-1

I'm writing a query that is supposed to retrieve words from "Words table" if they are contained in sentences in the "Sentences table"

For example: the query should output "hello" if it finds at least one sentence that contains the word "hello"

I was able to write this query so far :

SELECT DISTINCT (words.word) FROM sentences inner join words on sentences.sentence LIKE CONCAT('% ', words.word ,' %')

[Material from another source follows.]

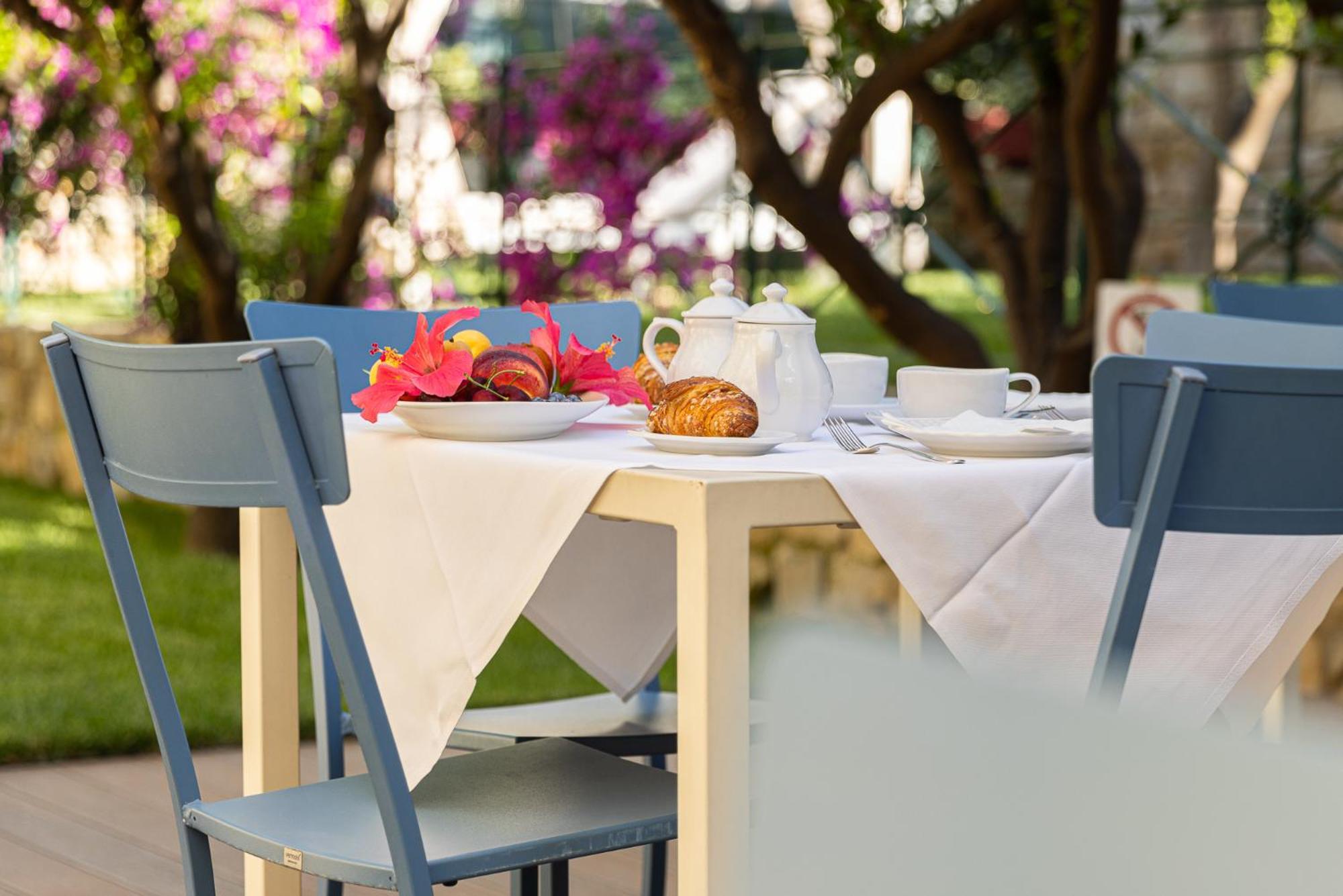 Hotel Villa Elisa & Spa 보르디게라 외부 사진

The issue with this query that it's super slow, like it took 8hours+ and did not output any results given that the words table is around 250k rows and the sentence table is around 1M rows. Can anyone help with a faster solution.

  • 3
    You want your result to be any word that appears in any sentence, and every sentence it appears in, right? That join, unless mysql has some fancy optimiazion, is going to look at every sentence for every word. Using a relational table it might make sense to have a table called sentence_words, and every time a sentence is added to sentences, give it a foreign key, then find the key of the word (or add it), then sentence_words winds up as a many-to-many.... does that make any sense? Others might suggest technologies better suited. Maybe edit your post to say what you're doing with output. – Levin Magruder Jul 15 '22 at 01:47
  • So can can I tweak the query to move to the next word if it finds at least a first match instead of going through all the sentences? – Rakan Selawi Jul 15 '22 at 02:18
  • 1
    Please show your table structure and indexes – Rohit Gupta Jul 15 '22 at 03:39
  • 1
    Please provide enough code so others can better understand or reproduce the problem. – Community Jul 15 '22 at 03:39
  • [How to Optimize Queries in a Database - The Basics](https://stackoverflow.com/q/3191623/3404097) [What are your most common sql optimizations?](https://stackoverflow.com/q/1332778/3404097) [mre] [ask] [Help] [When and why are database joins expensive?](https://stackoverflow.com/q/173726/3404097) [Tips for asking a good SQL question](https://meta.stackoverflow.com/q/271055/3404097) [Asking query performance questions](https://dba.meta.stackexchange.com/q/3034/43932) etc etc – philipxy Jul 15 '22 at 04:43
  • RakanSelawi - With just those two talbes I don't see a way to get a sammple senetence for each word. You'd have to have some kind of ETL code to analyze the sentences and create a third table. Here is someone else asking the same question and I think the answers are good (pretty much what maitreyee_stack said): https://stackoverflow.com/questions/9122752 – Levin Magruder Jul 15 '22 at 09:40

1 Answers1

0

With the information you shared, the data is not extremely large, but the 'sentence' table is going thru full-tables-can for each distinct word in 'words' table.
Also distinct has a processing span involved.
It would be prudent to index the words & sentence table
( probably words on initiating Letter & Sectence on same) & partition them too based on same criteria. \

Then run same query as above.

This approach might reduce how much data being joined per key match.